Feb 25, 2011

Let the Games Begin

February 23rd, 2011. A day that will live in infamy.

Okay, that's a stretch but the gauntlet has been thrown nonetheless. On that fateful Wednesday evening in the basement of a local eatery, two great minds collided in a battle wits matched only by the showdown in Florin.  Man vs. Woman. Strength vs. Speed. Glen Livet vs. Texie Guinan.

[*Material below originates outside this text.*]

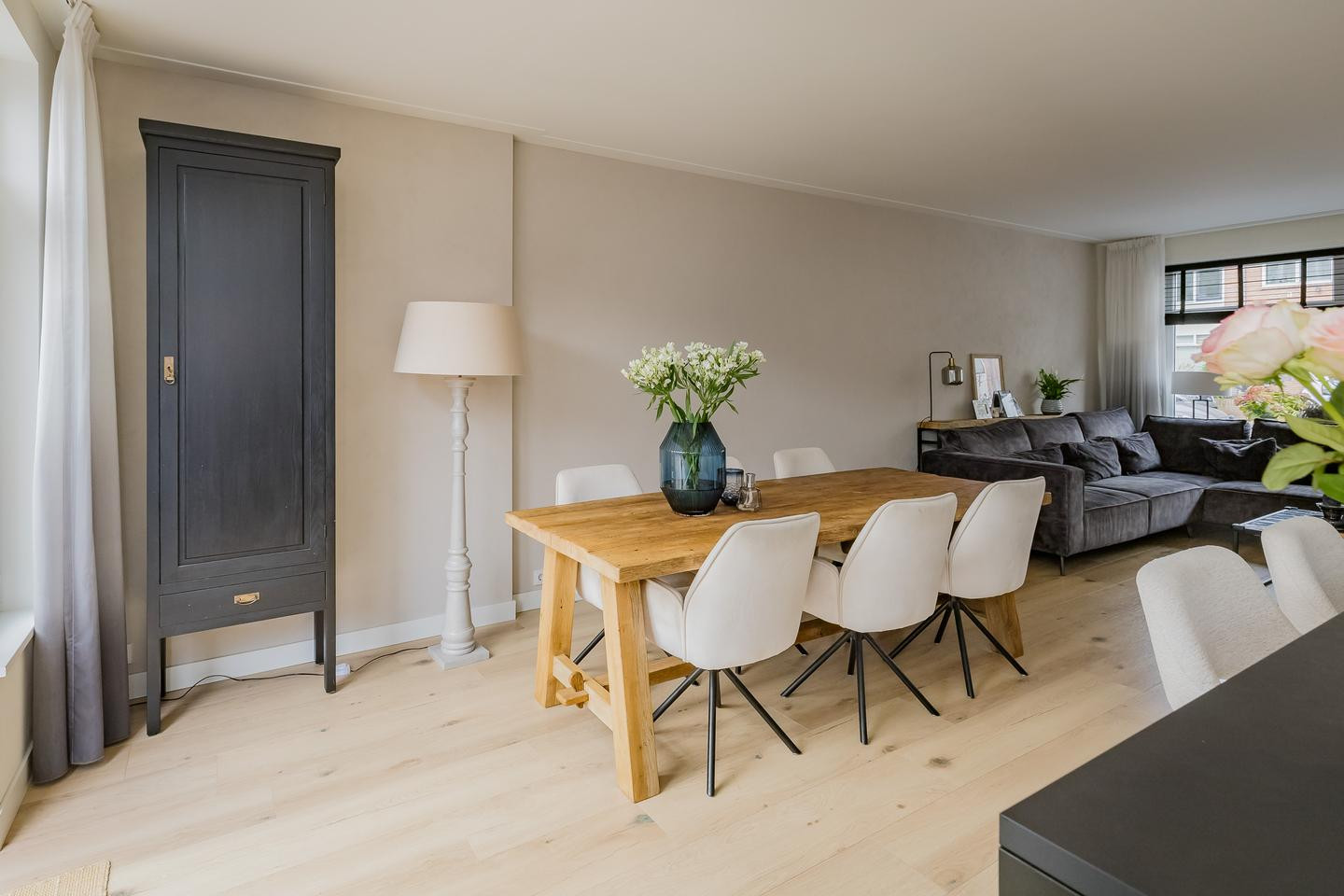 Tussenwoning te koop: Dolfijnstraat 218, Ijmuiden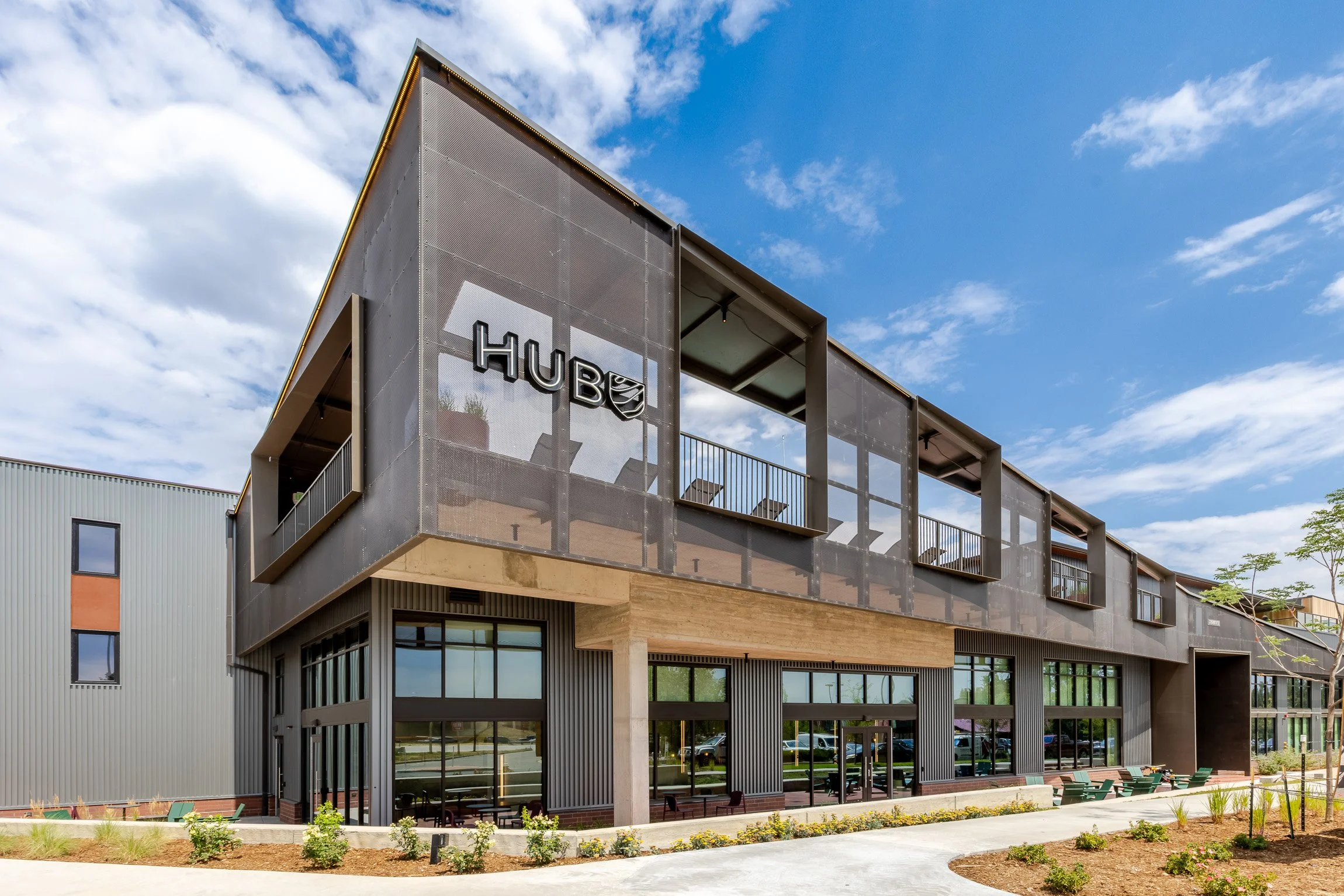 HUB 28th St student housing community in Boulder featuring outdoor gathering spaces for students. Designed by Sopher Sparn Architects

The goal: Create the best ten-athlete roster from yesterday and today.

The rules:
  1. Teams will consist of ten athletes drafted by each of us.
  2. One athlete per sport. If an athlete plays multiple sports, you must declare that sport (i.e.- Deion Sanders can play baseball or football, not both)
  3. At least one female athlete. I thought this would be tough but I realized the advantages of having a smaller frame running around out there.
  4. Only one dead athlete. It just makes the discussion easier.
  5. The teams will be based in a fantasy sports world. A "computer" will spit out a sport to which each team must adapt. This could range from football to curling to rhythmic gymnastics.
  6. Two coaches will also be chosen. These will be the assistants working for the drafter.
So there we sat. A piece of paper and a pen on the table. A beer and a whiskey in front of us. Texie is first.

Surprising to most, but not to me, Texie's first pick is Jim Thorpe (most girls probably think Jim Thorpe is a John Wayne character or something). Couldn't pick a better number one star. For some reason, despite the fact that it isn't in the rules, I decided I also had to pick from the track: Jackie Joyner-Kersee. As a heptathlon competitor, I figured it was a nice well-rounded female pick. No Thorpe, of course, nor a great first round draft pick but if you're going to blow it, might as well blow it on Sports Illustrated for Women's choice as the greatest female athlete of all time, right?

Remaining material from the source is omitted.